Power and force at take-off
In an ADAV/VTOL, the power of the engine must be converted both for an ascent in helicopter mode and for a horizontal translation in airplane mode.
We have already seen that in airplane mode, Ideally, large propellers were needed that did not accelerate the fluid much.
to obtain the best propulsive efficiency.
What about takeoff?
We are going to put things simply enough to draw informative equations and estimate an order of magnitude.
Is an airplane's engine powerful enough to lift it in a helicopter mode?
We will therefore assume a single helix of section S
blowing the air downwards.
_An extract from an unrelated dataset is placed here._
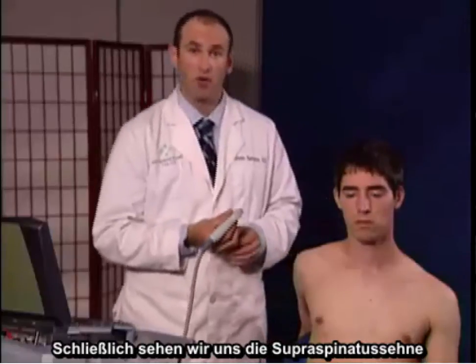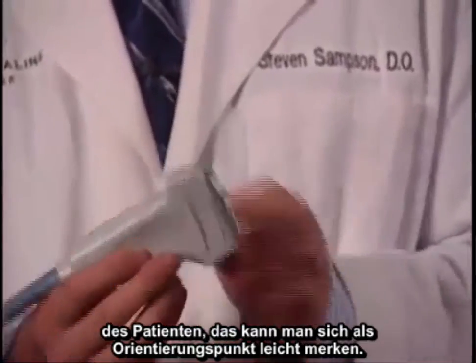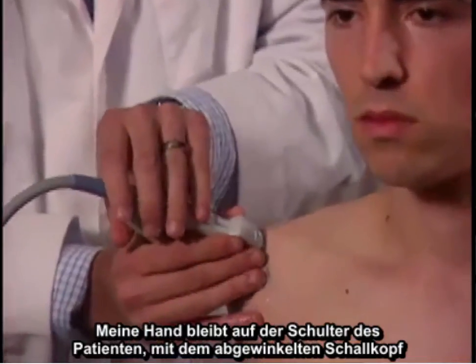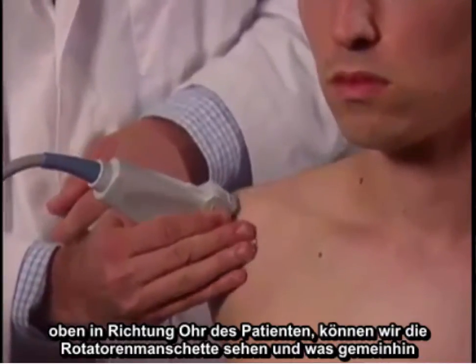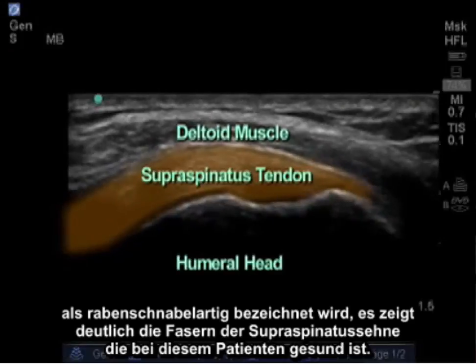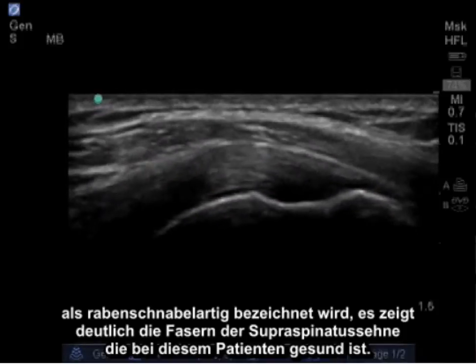Lastly, we're going to look at the supraspinatus tendon in its longitudinal view. I place the notch of the probe facing towards the patient's ear, which is an easy to remember landmark. Maintaining contact with my hand on the patient's shoulder, with the probe angled up towards the patient's ear, we can see the rotator cuff in what's commonly referred to as a bird beak type image, clearly seeing the fibers of the supraspinatus tendon, which are healthy in this patient.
This air passing from a speed 0 to a speed v
. The density of air being ro
- schema_simplifie_decollage_helicoptere.png (30.2 Kio) Viewed 682 times
Thus the mass flow of air crossing the propeller is:
- eq19.png (2.27 KiB) Viewed 711 times
By the principle of action/reaction, the force F
exerted by the air on the propeller is:
- eq20.png (4.86 KiB) Viewed 711 times
For a mass dm
of fluid passing from speed 0 to speed v
for a while dt
, the change in kinetic energy dec
fluid is written:
- eq21.png (10.72 KiB) Viewed 711 times
by forming the ratio dEc/dt, we recognize the power P
supplied by the propeller, while dm/dt identifies with the mass flow rate of fluid through the propeller:
- eq22.png (7.59 KiB) Viewed 711 times
At this stage, several things should be noted
* strength F
and the power P
are proportional to ro x S
* the force progresses as the square.
* power as the cube
speed.But is this speed v arbitrary?
The answer is no. If we form the P/F ratio, the products ro x S
, disappear and it comes:
- eq23.png (9.73 KiB) Viewed 709 times
Immediately note: F=2P/v
, which shows that the force F will be optimal if the speed v is small, which amounts to having a large rotor to sweep a surface S , which is important.
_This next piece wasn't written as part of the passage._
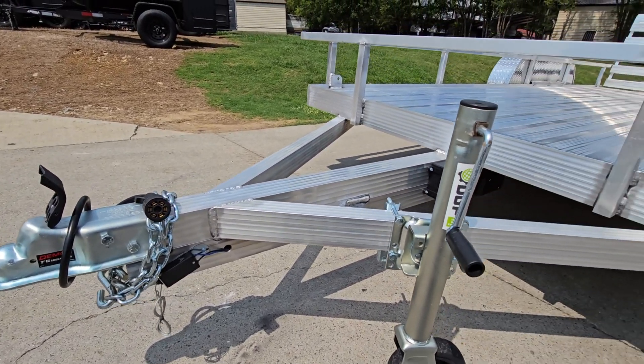That front jack is rated up to 1,500 pounds. This trailer has a two-year manufacturer warranty on the materials as well as the craftsmanship. Take a look at the deck.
But it would be good to clarify things. Now that we have the expression v = 2P/F
, we inject it for example into the relation F = ro S v²
- eq24.png (13.19 KiB) Viewed 709 times
In aircraft design, the force F is imposed by the weight of the machine, but it is possible to play on the section S swept by the propeller. of the relationship F^3 = 4 ro S P²
, we therefore express P as follows:
Very instructive relationship!
- eq25.png (3.91 KiB) Viewed 708 times
For a strength F = Mg
necessary for take-off (where M
is the mass of the plane and g
the acceleration of gravity), the parameter S is the only degree of freedom to reduce the necessary power.
A reactor with a small section will be catastrophic for lifting the device.
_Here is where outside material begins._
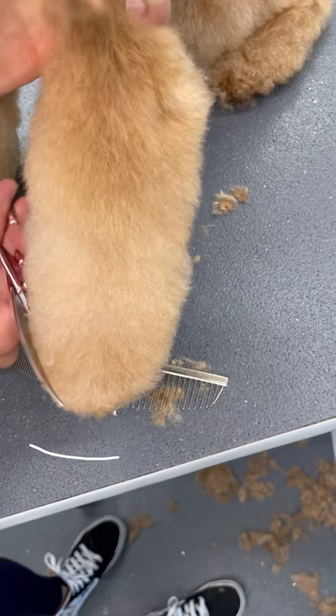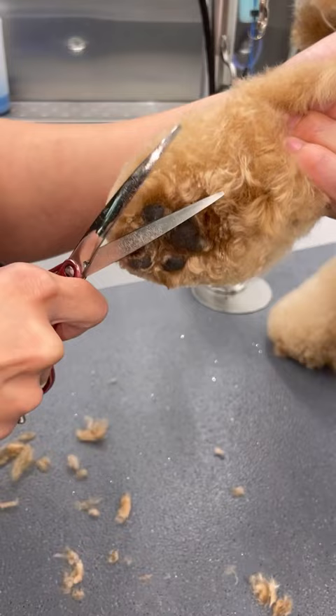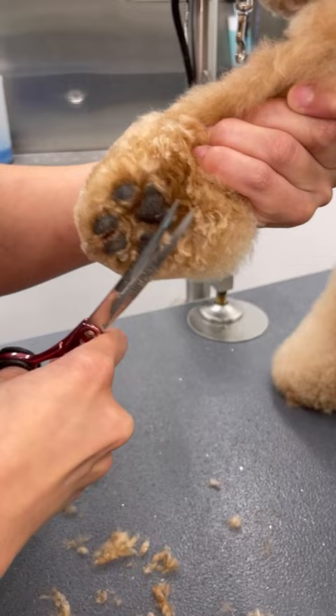Next, I'm going to start rounding the front of the paw, making sure that the nails are not visible. Then I'm going to comb out the back of his paw and blend the back of his paw to his leg. I really love these shears — they're pretty tiny and they are the Solita Asian fusion curves.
It will succeed, but at the cost of an abundance of lackluster power and beyond the possibilities of a small plane (equipped with a few hundred horsepower at the most).But this is good news, because we had seen that the propulsive quality of the plane required:
* a large propeller section, and,
* low acceleration of air masses,
which is found exactly for the ascent quality
(but it's not 100% amazing).There is therefore no incompatibility, but on the contrary a technical HARMONY in designing the aircraft with large propellers, both for airplane mode and helicopter mode.To fix ideas a little, if we take:
* ro = 1,2 kg / m3
* M = 1000 kg
* S = 10 m²
* with g = 9,81 m²,
the power required is 140 240 W, i.e. about 190 Ch
If you feel like laughing with the section of a 0,5 m² blower reactor... P = 627 W, i.e. about 852 Ch
. In addition to consuming torrents of fuel, the weight on board will be enormous in a piston engine, unless you switch to a gas turbine, which also has a muddy performance.By increasing the number of our rotors, for example by quadcopter with 4 x 4m propellers of diameter
= 4 x Pi x 2² = approximately 50 m²
= 62 W, or about 718 Ch, which is the power of light aircraft engines (weighing about 100 kg for 50 Ch).
In real conditions, there will be losses, and according to Wikipedia
, a correction factor of 1,5 is required:
the losses due to viscosity, as well as various other losses (the power required by the anti-torque rotor, the losses of the gearbox, etc.) represent approximately 50% of the minimum power of froude
(see Froude–Rankine theory
). A realistic estimate of the engine power of a helicopter can therefore be obtained by multiplying the above formula by a factor of 1,5.
We will remember : an engine of a few hundred horsepower can sustain an ADAV of around 1000 kg provided it is fitted with numerous propellers with cumulative sections of at least 10 m², which is also favorable to propulsion efficiency in airplane mode.